2007 BMW M6 Convertible

2007 BMW M6 Convertible 2007 BMW M6 Convertible
First Drive Review

BMW hasn't had it too easy from us recently. The Bavarian masters of driving arts once had an easy ticket to a first-place finish in virtually every comparo they entered. But then came iDrive, then active steering, and then everyone's favorite "whipping tech," the sequential manual gearbox. You could argue that those technologies, in many cases, created as many problems as they solved, at least from the purist's point of view.

A brighter spot came in the form of the 2006 BMW M6 coupe, a 6-series coupe made even more salivating with zoomier styling, a sexy carbon-fiber roof, and one of the most delicious engines on God's green earth: a race-bred, heart-pounding, high-revving 5.0-liter V-10 producing an incredible 500 horsepower at 7750 rpm and 383 pound-feet of torque at 6100 rpm. So prolific is the engine that not even the entire alphabet's worth of techno-acronyms could keep the fun away. Then came the new convertible version- whoo-ee! What could be better, right?

Looks to Kill, Comfort to Thrill

Our test car showed up in the M6 coupe's "feature color," Indianapolis Red, a metallic crimson that looks no less fetching on the convertible, even with its black convertible top raised. With a smiling, M-specific front bumper topped by 6-series brooding headlamps, there is something deliciously ironic about the front end of the M6. Down the body sides are sill extensions and, of course, fender vents with M6 badge inlays. In back, the rear apron is sculpted to match the front end and also to accommodate the quartet of fat exhaust tips through which the V-10 sings its high-pitched song (a song that, incidentally, is easier to hear than in the closed-roof M6).

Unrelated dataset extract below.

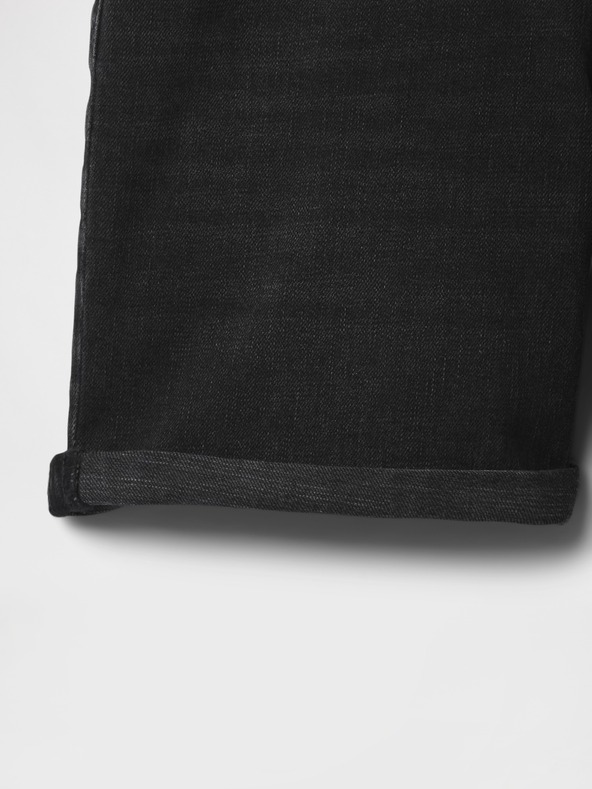 GAP Džínsové kraťasy girlfriend GAP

The M6's interior is no less intense. The optional carbon-fiber center-stack trim on our tester-the best $300 you can spend, we feel-glistened in the sunlight, and pretty much everything else that wasn't aluminum was covered in Indianapolis Red and Black Merino leather. We're still no fans of iDrive, but at least the M6's pivoting display didn't get washed out in the sunlight as with so many such systems on other cars.

The front seats are wonderfully supportive, although even at an as-tested price of nearly $116,000, they lacked the active side bolsters found on the M5. The M6 also could benefit from an extra cup holder (it comes with only one), more spacious back seats, a truly usable glove box, and an HVAC system that can keep up with the torrential top-down windstorm that occurs when speeds climb toward (or, um, past) legal highway speeds.